Almost all of the complexes described in this product class should be synthesized, handled, and stored under an inert atmosphere using Schlenk or glovebox techniques. All solvents should be dried and degassed prior to use. With some exceptions, most of the catalytic applications are conducted in an NMR tube under inert atmosphere, and the reported yields are determined by NMR spectroscopy or gas chromatography using an internal standard. The hydroamination reactions are performed in noncoordinative aliphatic or aromatic solvents. The relevant literature up until mid-2012 has been covered.

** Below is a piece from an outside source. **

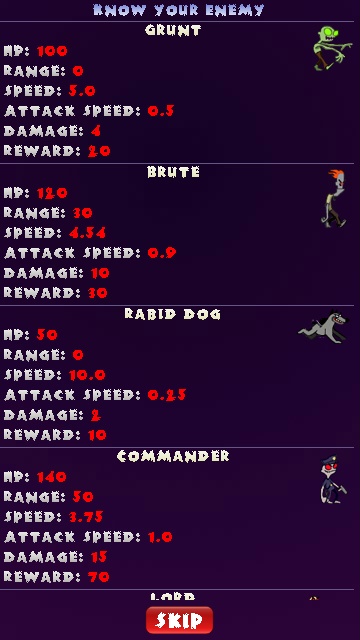 Screenshot, Zombie Defense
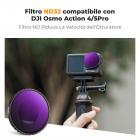 K&F Concept Filtro ND32 (5 Stop) per DJI Osmo Action 5 Pro/Osmo Action 4, Filtro a Densità Neutra con 28 Strati Multistrato, Vetro Ottico/Telaio in Lega di Alluminio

2.12.16.1.1 Rare-Earth(II) Complexes
Rare-earth complexes in oxidation state +2 are much less widely explored for catalytic hydroamination than those in the +3 oxidation state despite there being convenient routes to synthesize such lower-oxidation-state complexes. The most successful approach to these divalent complexes is salt metathesis of tetrahydrofuran-solvated ytterbium(II), europium(II), and samarium(II) iodide with potassium reagents. Although poorly investigated, ytterbium(II) and samarium(II) complexes nevertheless demonstrate the ability to catalyze the intramolecular hydroamination of alkynes and alkenes. Under the catalytic conditions, oxidation of the divalent lanthanide complexes to trivalent species is postulated.
2.12.16.1.1.1 Synthesis of Rare-Earth(II) Complexes
2.12.16.1.1.1.1 Method 1: Salt Metathesis
Tetrahydrofuran-solvated europium(II) and ytterbium(II) iodide are reacted with potassium complex 1 and potassium hexamethyldisilazanide in a 1:1:1 molar ratio (▶ Scheme 1).[10] After removal of potassium iodide by filtration and crystallization, bis(tetrahydrofuran)-solvated {[7-(isopropylimino)cyclohepta-1,3,5-trienyl]amido}ytterbium(II) 2 (Ln = Yb) and its europium(II) analogue are obtained as tiny brown (36% yield) and red crystals (17% yield), respectively. The use of iodide and potassium reagents in the course of the syntheses avoids coordination of lighter alkali halides such as lithium chloride.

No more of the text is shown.